- Abbreviation: RSP (English) РСП (Russian)
- Leader: Vladimir Bryntsalov
- Founded: 27 April 1996
- Dissolved: 11 July 2001
- Merged into: United Russia
- Headquarters: Moscow, Russia
- Ideology: Russian conservatism Paternalistic conservatism Traditionalism Social conservatism
- Political position: Right-wing
- Colours: White Blue Red
- Slogan: "Government, capital, people" (Russian: "Правительство, капитал, народ")

Website
- bryntsalov.ru

= Russian Socialist Party =

Russian Socialist Party (RSP; Русская социалистическая партия) was a political party in Russia led by Vladimir Bryntsalov.

Despite the leftist-sounding name, the main priorities of the activities indicated in the party's program were the ideas of moderate conservatism, traditionalism, and social orientation. Other value guidelines were most fully presented in other RSP program documents, however, they were not actually translated into practical activities.

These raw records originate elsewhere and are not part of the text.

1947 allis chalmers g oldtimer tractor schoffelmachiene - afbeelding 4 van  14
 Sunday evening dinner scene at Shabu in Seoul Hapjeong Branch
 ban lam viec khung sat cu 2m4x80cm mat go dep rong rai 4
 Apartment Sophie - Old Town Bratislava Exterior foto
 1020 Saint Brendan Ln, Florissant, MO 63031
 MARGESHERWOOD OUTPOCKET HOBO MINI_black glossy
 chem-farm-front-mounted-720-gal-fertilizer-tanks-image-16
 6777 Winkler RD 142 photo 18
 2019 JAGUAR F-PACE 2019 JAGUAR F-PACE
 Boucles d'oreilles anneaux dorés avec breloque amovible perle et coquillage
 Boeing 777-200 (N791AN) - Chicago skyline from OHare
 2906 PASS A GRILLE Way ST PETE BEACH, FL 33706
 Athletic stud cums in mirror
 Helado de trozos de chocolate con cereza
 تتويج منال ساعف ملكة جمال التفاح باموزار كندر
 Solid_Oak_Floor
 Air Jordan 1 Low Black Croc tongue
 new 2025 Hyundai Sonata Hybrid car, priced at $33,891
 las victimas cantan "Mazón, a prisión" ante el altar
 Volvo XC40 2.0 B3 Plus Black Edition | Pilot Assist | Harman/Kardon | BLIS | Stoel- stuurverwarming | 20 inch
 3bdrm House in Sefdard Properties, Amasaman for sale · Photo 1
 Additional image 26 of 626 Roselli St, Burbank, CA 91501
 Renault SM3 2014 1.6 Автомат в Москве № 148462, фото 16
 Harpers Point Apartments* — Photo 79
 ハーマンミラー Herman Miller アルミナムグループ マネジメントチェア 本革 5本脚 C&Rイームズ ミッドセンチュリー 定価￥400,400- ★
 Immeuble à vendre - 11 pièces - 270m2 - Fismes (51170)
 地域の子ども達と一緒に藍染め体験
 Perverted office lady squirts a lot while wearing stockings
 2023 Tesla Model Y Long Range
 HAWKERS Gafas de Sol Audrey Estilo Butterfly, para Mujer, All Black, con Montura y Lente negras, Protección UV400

The RSP was formed at a Founding Congress on 27 April 1996. Like many other electoral associations of that period, in the second half of the 1990s, the party developed a new version of amendments and additions to its Charter, which was associated with obtaining the status of a political public association. The Russian Socialist Party was registered by the Ministry of Justice of the Russian Federation on 7 December 1998. The chairman of the party during its existence was Vladimir Bryntsalov. In the 1999 Russian legislative election, the Russian Socialist Party received 0.24% of the vote.

As a result, the party did not receive any seats in the State Duma. However, Bryntsalov won the Orekhovo-Zuyevo constituency and joined the "People's Deputy" parliamentary group. In 2001, the party disbanded and joined the United Russia party.